[Web page caption snippets]
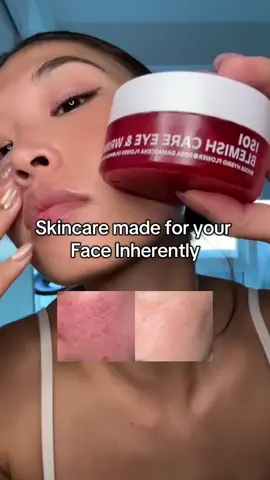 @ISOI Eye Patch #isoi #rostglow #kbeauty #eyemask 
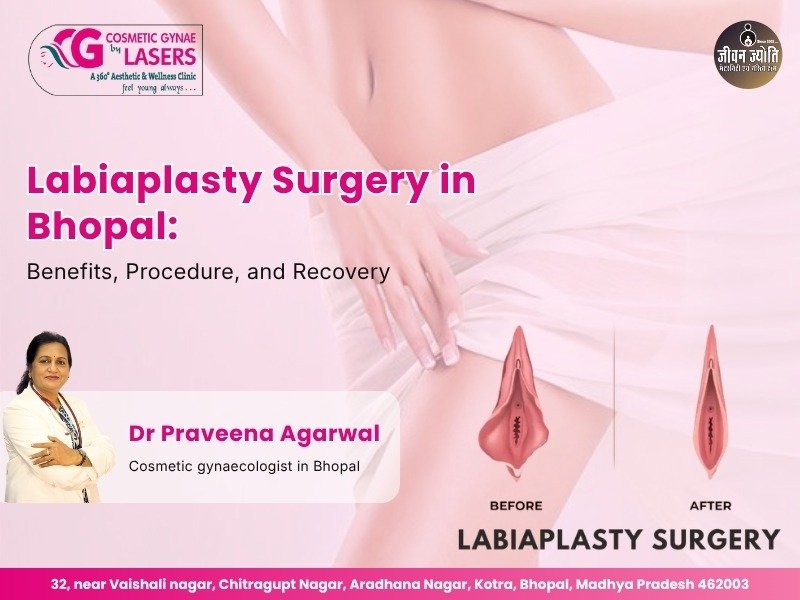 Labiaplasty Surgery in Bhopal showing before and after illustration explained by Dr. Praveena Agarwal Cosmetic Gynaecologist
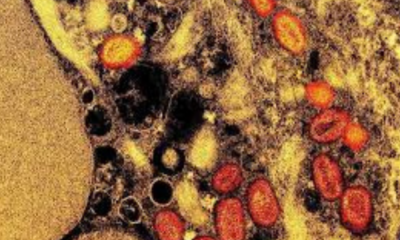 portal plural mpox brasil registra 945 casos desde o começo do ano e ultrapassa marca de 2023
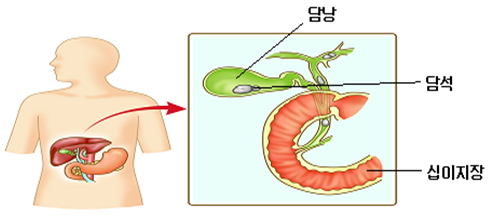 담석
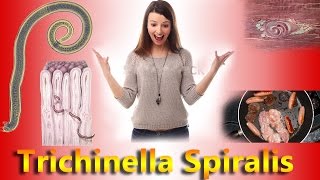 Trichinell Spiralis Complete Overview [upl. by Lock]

### Problem to solve
Only the lines from the one containing "Labiaplasty Surgery in" through the last line of the data above, both included, belong in the reply, each restated exactly and without pictures.

### Problem solution
 Labiaplasty Surgery in Bhopal showing before and after illustration explained by Dr. Praveena Agarwal Cosmetic Gynaecologist
 portal plural mpox brasil registra 945 casos desde o começo do ano e ultrapassa marca de 2023
 담석
 Trichinell Spiralis Complete Overview [upl. by Lock]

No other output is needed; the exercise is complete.